* [Problem to solve]: Could you transcribe every record below exactly as written, leaving out any pictures?

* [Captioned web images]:
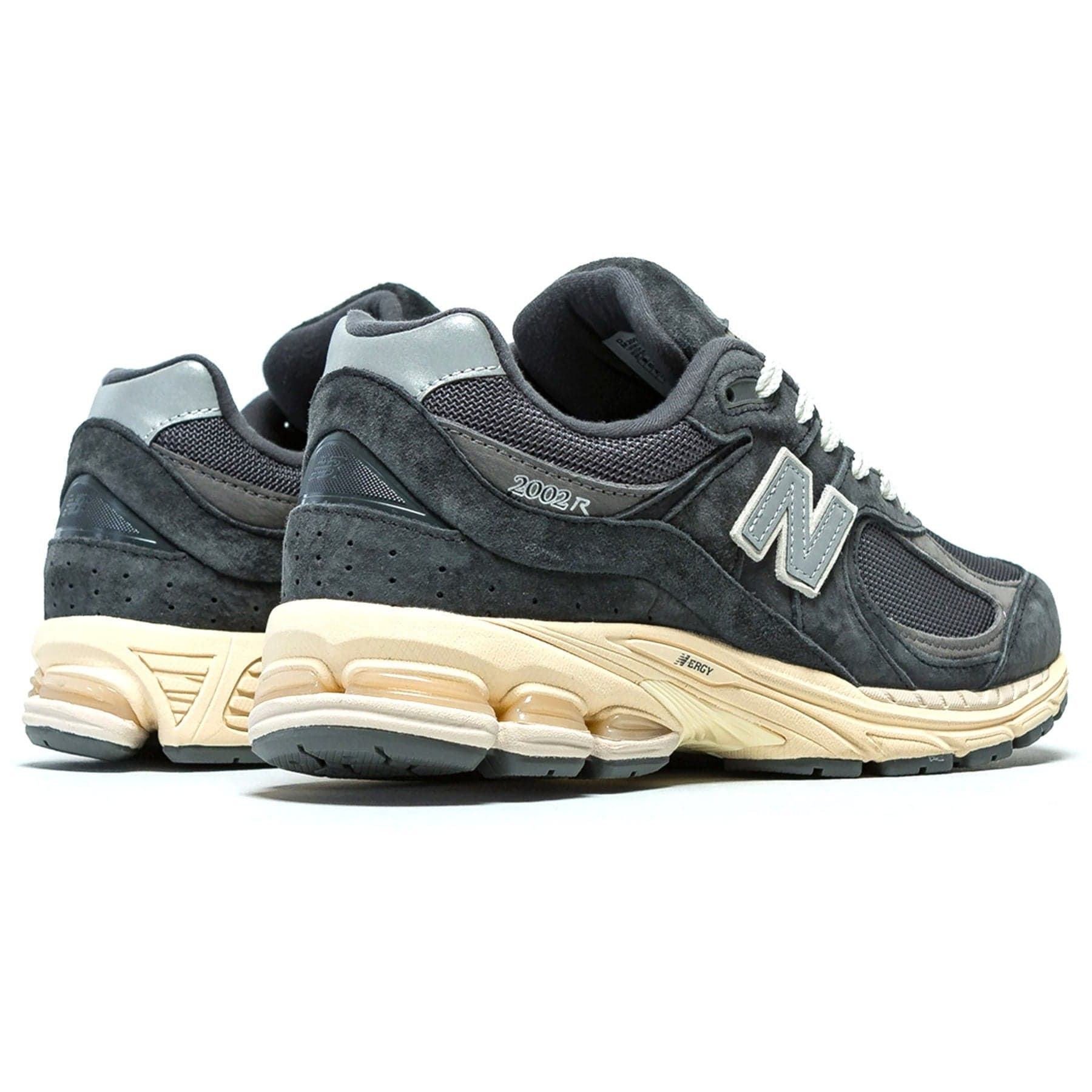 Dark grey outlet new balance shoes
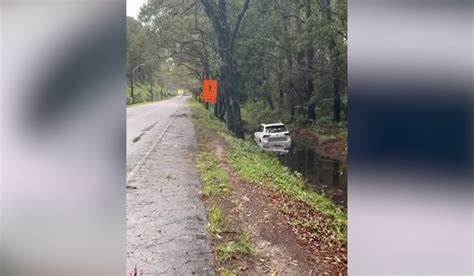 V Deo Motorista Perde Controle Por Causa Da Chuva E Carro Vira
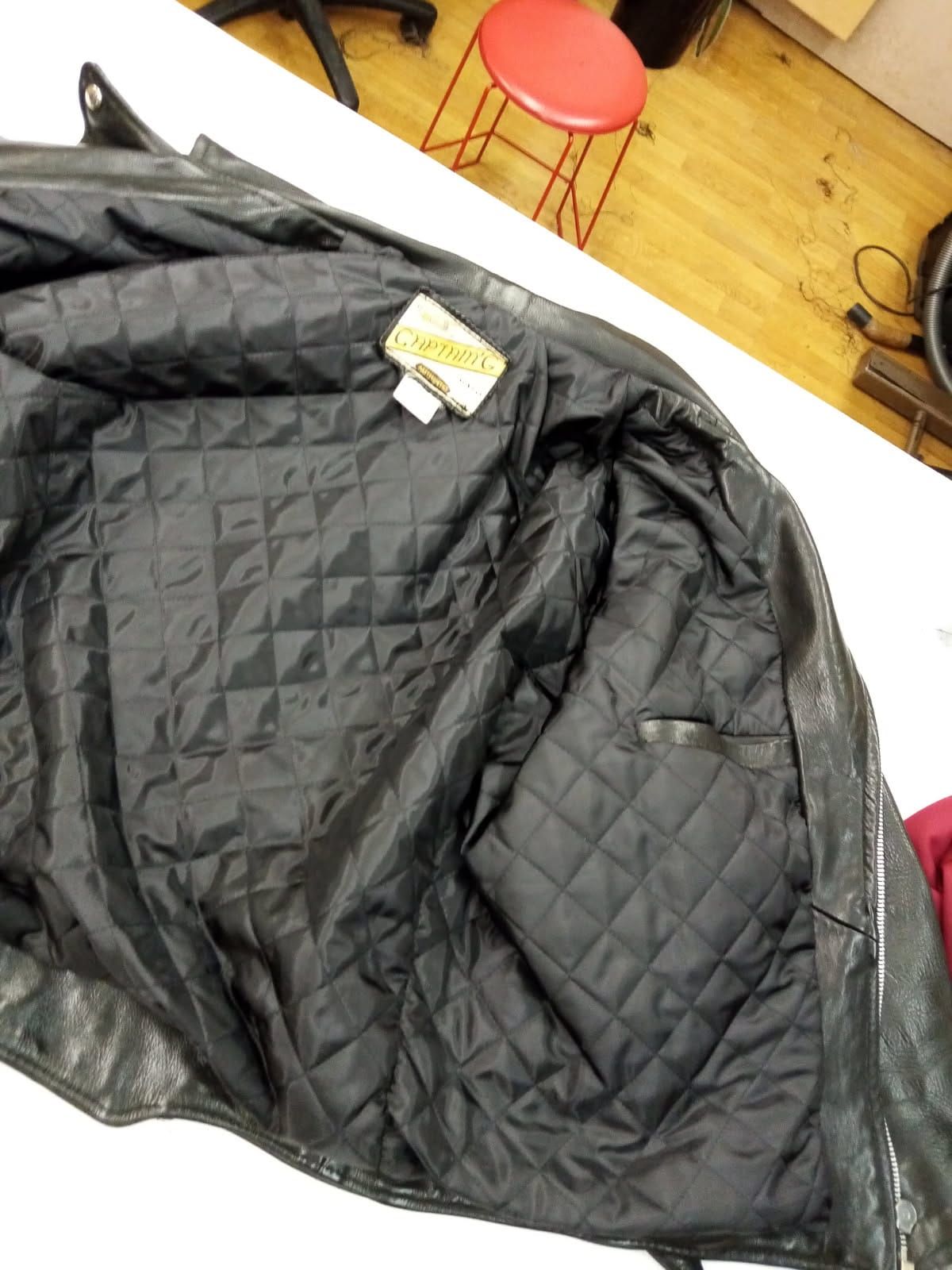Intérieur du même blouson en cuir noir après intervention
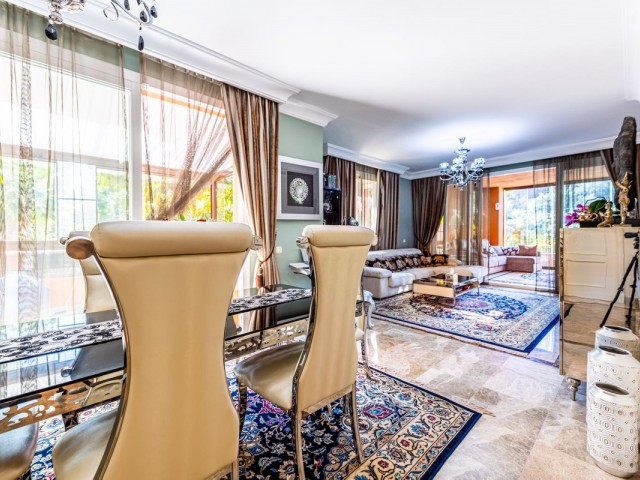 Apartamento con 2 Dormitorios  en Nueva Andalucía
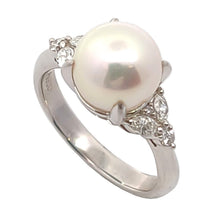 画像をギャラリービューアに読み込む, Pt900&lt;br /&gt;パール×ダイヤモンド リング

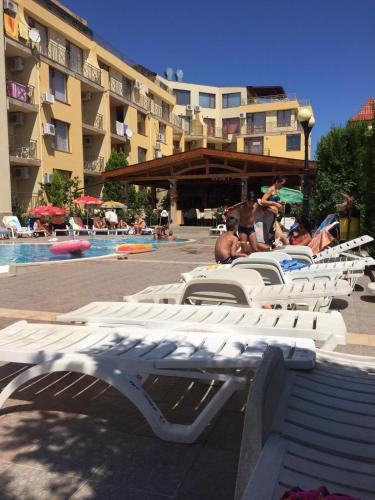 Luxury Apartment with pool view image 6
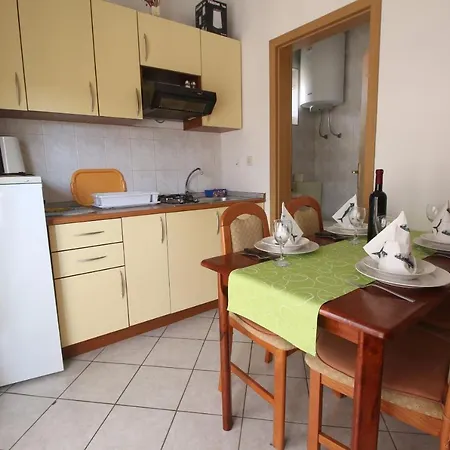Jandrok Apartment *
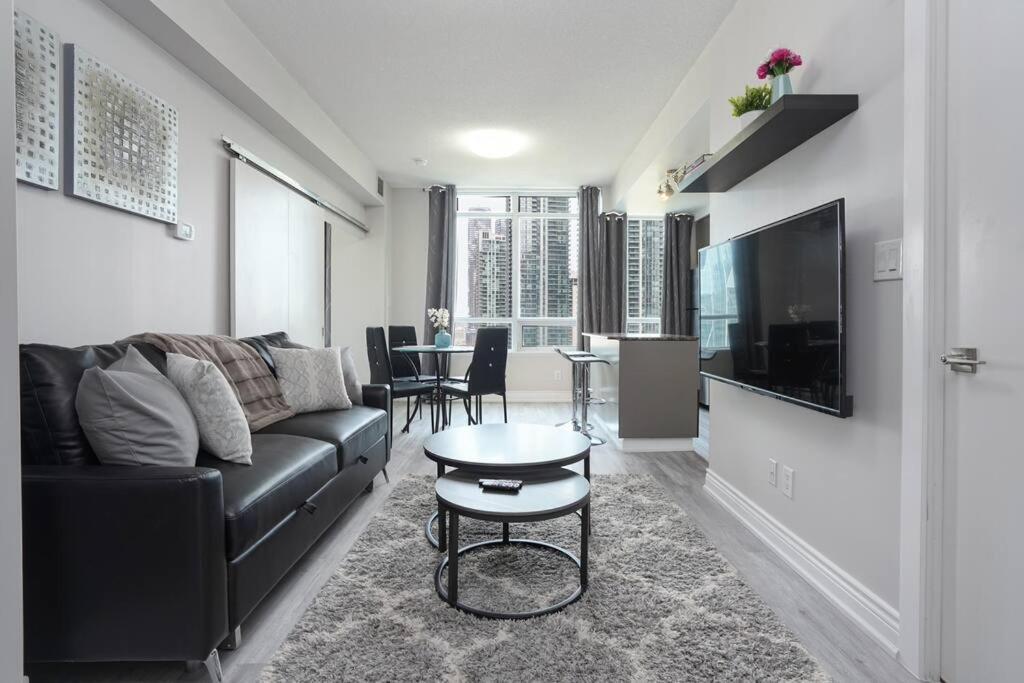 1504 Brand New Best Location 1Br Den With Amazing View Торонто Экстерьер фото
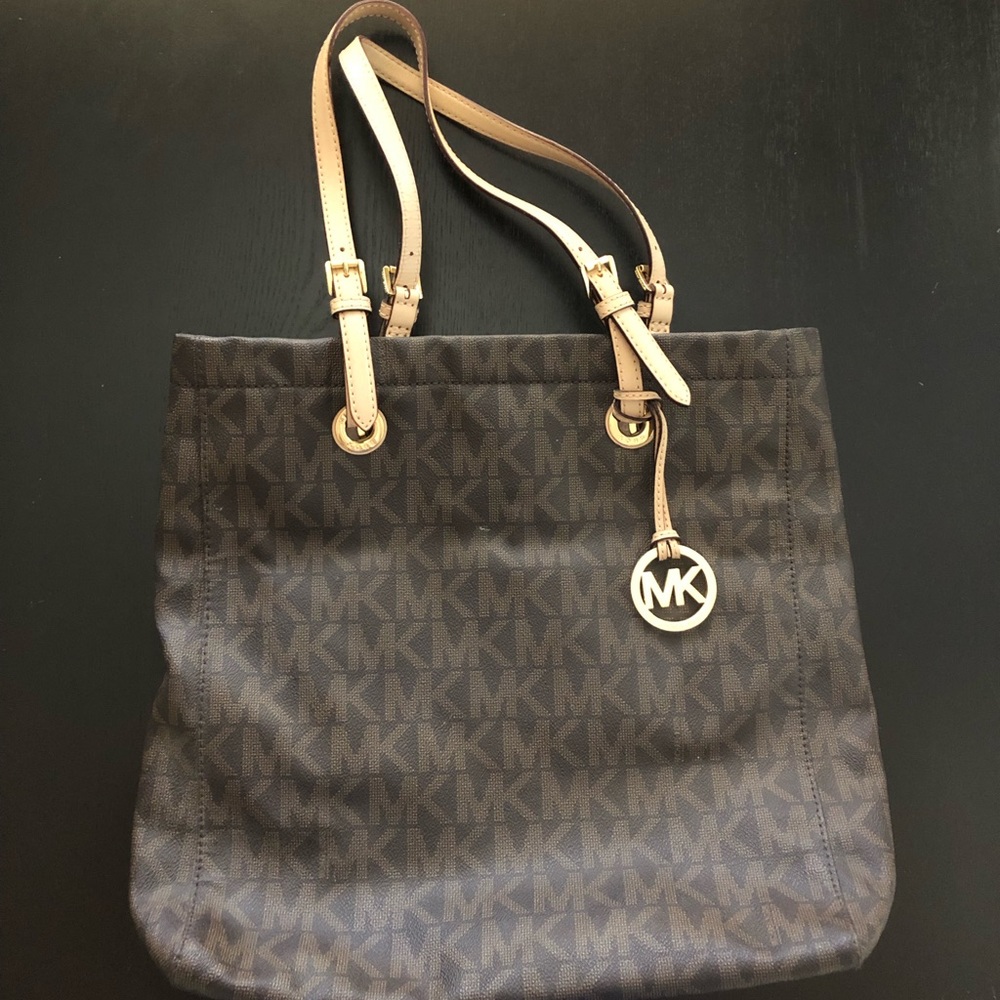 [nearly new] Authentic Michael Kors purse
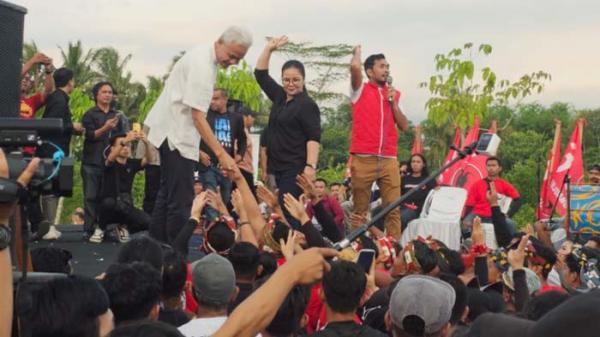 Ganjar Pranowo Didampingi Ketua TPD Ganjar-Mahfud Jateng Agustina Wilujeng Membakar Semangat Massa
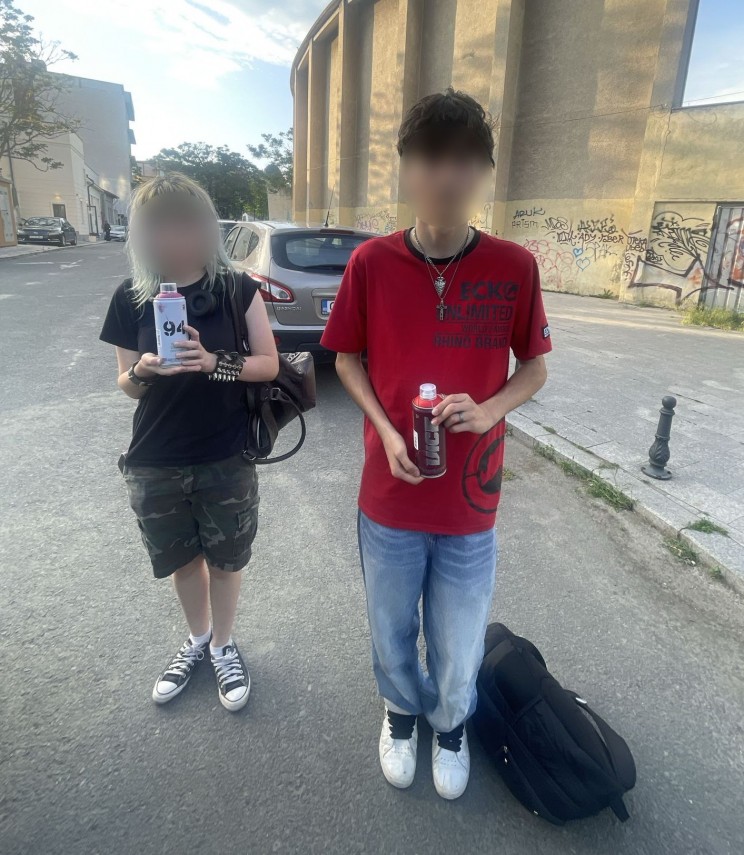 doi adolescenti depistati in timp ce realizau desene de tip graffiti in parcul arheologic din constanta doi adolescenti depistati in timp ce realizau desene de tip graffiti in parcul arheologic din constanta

* [Exercise response]:
 Dark grey outlet new balance shoes
 V Deo Motorista Perde Controle Por Causa Da Chuva E Carro Vira
Intérieur du même blouson en cuir noir après intervention
 Apartamento con 2 Dormitorios  en Nueva Andalucía
 画像をギャラリービューアに読み込む, Pt900&lt;br /&gt;パール×ダイヤモンド リング

 Luxury Apartment with pool view image 6
Jandrok Apartment *
 1504 Brand New Best Location 1Br Den With Amazing View Торонто Экстерьер фото
 [nearly new] Authentic Michael Kors purse
 Ganjar Pranowo Didampingi Ketua TPD Ganjar-Mahfud Jateng Agustina Wilujeng Membakar Semangat Massa
 doi adolescenti depistati in timp ce realizau desene de tip graffiti in parcul arheologic din constanta doi adolescenti depistati in timp ce realizau desene de tip graffiti in parcul arheologic din constanta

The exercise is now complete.